Is Natural Childbirth For You?
It’s essential to talk to your practitioner about your options and whether a natural birth is safe for you. You're likely a good candidate if you:
How To Prepare
The best way to prepare for a natural birth? Get as informed as possible. Here are a few steps you can take before you go into labor to increase your odds of going all-natural:
Talk to your practitioner. Make sure your care team is on board with your choice. If your OB-GYN is hesitant and doesn't offer a reason like those above that she thinks natural birth isn't safe for you, think about switching OB-GYNS or using a midwife instead.

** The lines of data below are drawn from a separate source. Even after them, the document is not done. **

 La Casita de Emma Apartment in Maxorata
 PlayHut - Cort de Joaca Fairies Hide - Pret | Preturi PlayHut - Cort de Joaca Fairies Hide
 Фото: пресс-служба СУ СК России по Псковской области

Consider hiring a doula. While your OB-GYN’s job is to get your baby delivered in a healthy, safe manner, a doula is the cheerleader-in-chief for you, Mom — and you might want the extra support when the pushing gets more intense. During pregnancy your doula will talk to you about a birth plan, and when you're in labor she'll work hard with you to execute it.
Get educated. You wouldn’t take an exam without studying, so you shouldn’t try natural birth without reading up on it and talking to friends and family members who have gone through it. Take classes, too, to practice techniques that can be useful in the delivery room.

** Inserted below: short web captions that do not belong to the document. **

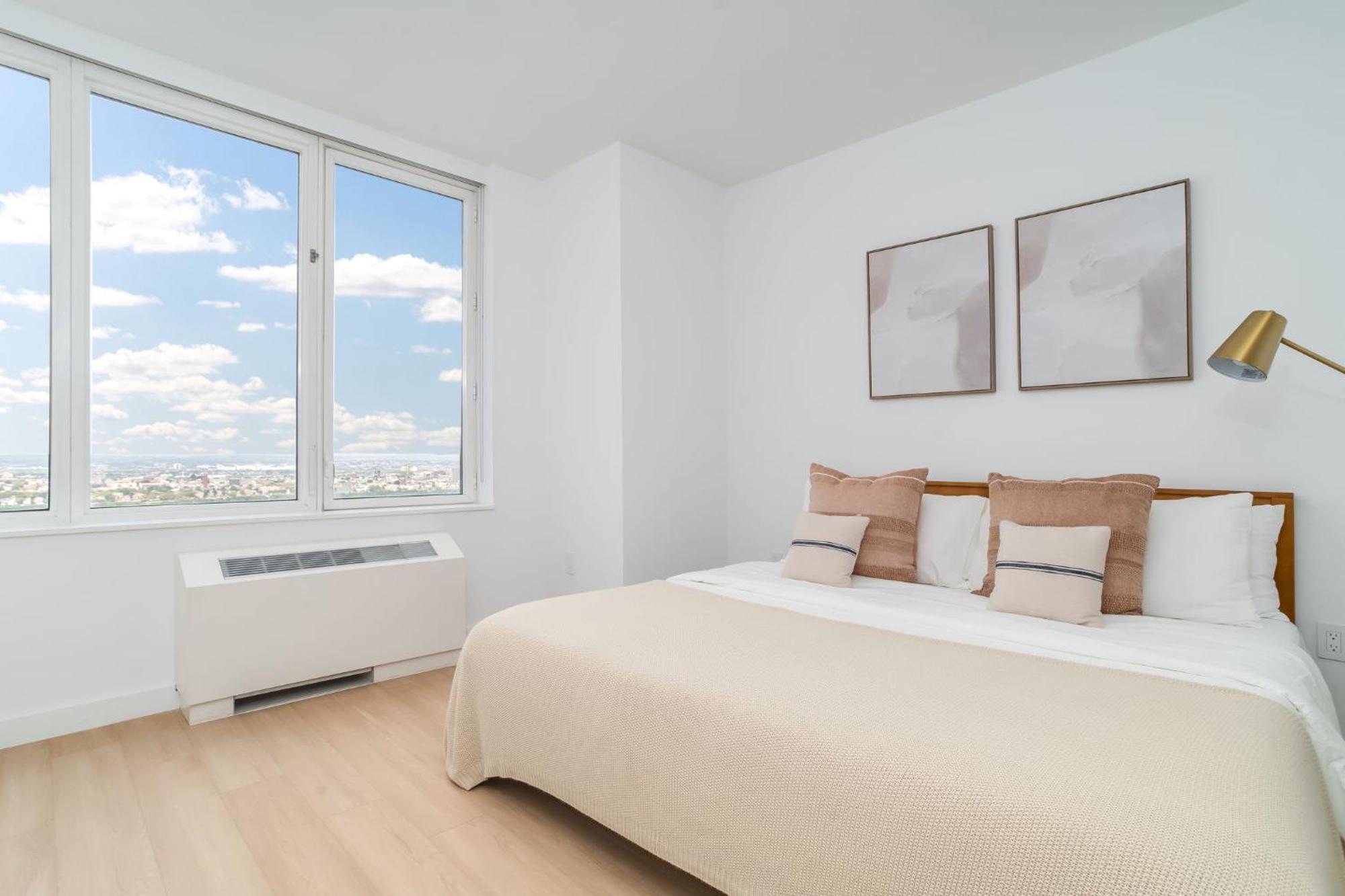 Apartment 2bd2bth Hidden Gem Lux Views New York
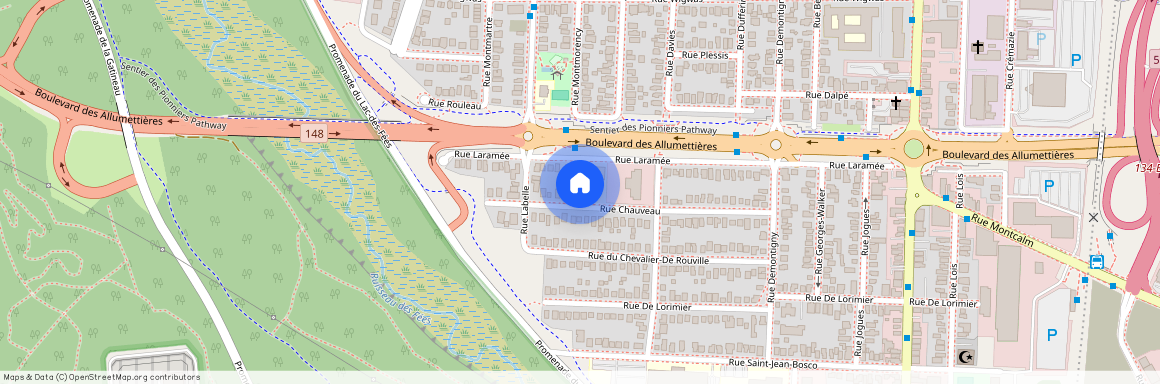 76 Rue Chauveau, Gatineau, Gatineau, Outaouais, J8Y 4S8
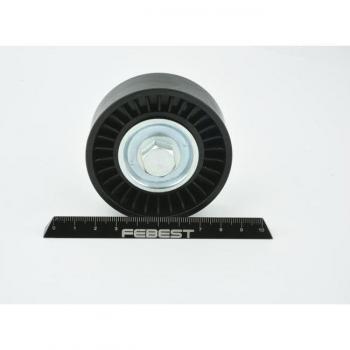 Polea de deflexión/guía para correa V-ribbed FEBEST 2188-FOCI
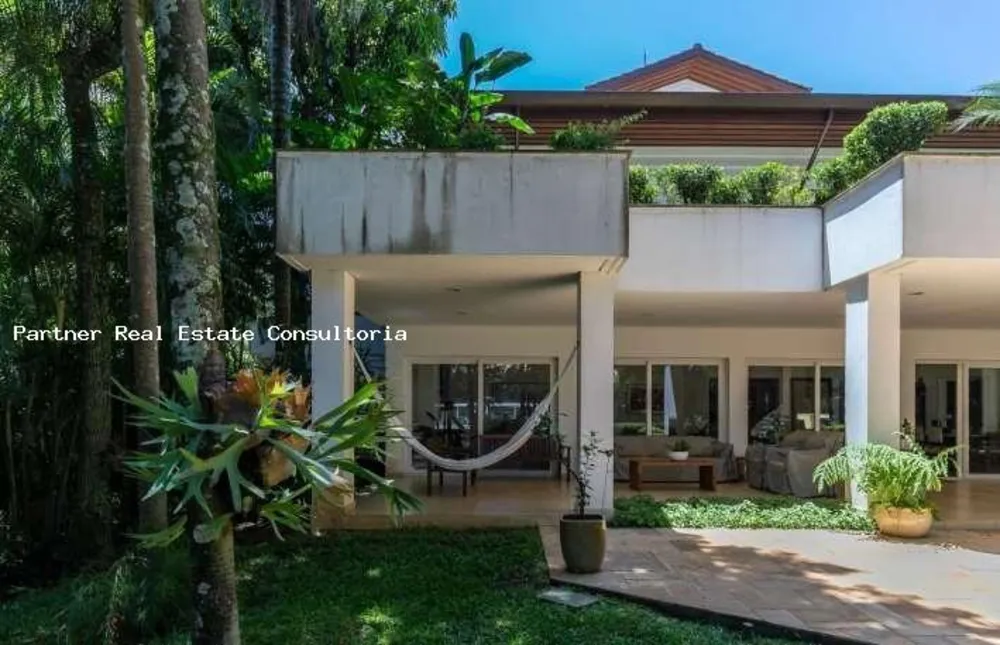 Casa, 4 quartos, 1167 m² - Foto 3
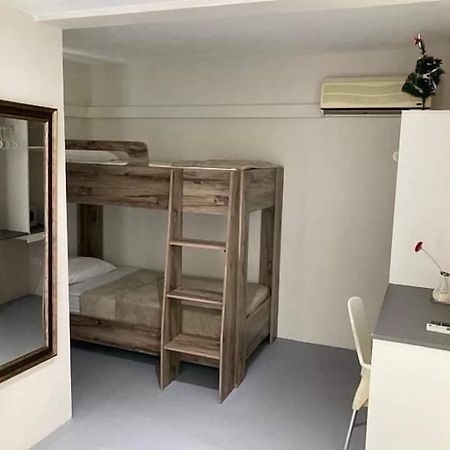 Valmarin Seafront Apartments Тру д'О Дус Экстерьер фото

Learn about natural pain management techniques. Then practice, practice, practice. In the weeks leading up to your delivery, try a variety of drug-free pain management techniques with your birthing partner (e.g., massage therapy, reflexology, relaxation and breathing exercises and aromatherapy). By rehearsing the same techniques over and over, it becomes second nature when you need it most — plus it's a good way to see what has the best effect on you before the big day.
Tips For Your Natural Birth
Once you do hit the delivery room, a few steps can help increase the odds that you make it naturally all the way to the last push:
Take it one minute at a time. A wave of contractions lasts about one minute, and then you get relief. If you take things minute by minute — and try to keep your mind off of the journey ahead — you're more likely to make it through without pain medications.
Visualize a successful birth. Many Olympic winners rehearse the race in their heads before they compete. Do the same: Picture your baby coming out of your body easily. Visualize a successful outcome, have faith in it, and keep going back to that picture during the labor process. Believe in the power of positive intention, and know that you are strong and your body will get you through.
Limit the number of people in the delivery room. While it might seem encouraging to have all of your closest friends and family by your side, too many people can ultimately be more of a distraction than assistance. Research has shown that having more people in the birthing room actually slows down labor, which could make it harder to stay medication-free. There's a reason why dogs and cats instinctually hide somewhere to be alone when delivering their young — to focus on the task at hand.
Remember, if you want a “natural birth” you don’t have to go allnatural to get the benefits. And know that there's nothing wrong with asking for pain relief if you need it — don't get down on yourself if you do. Every labor is different, and everyone experiences pain differently. No matter how you deliver, very soon you will be holding your bundle of joy, so keep your mind set on the prize!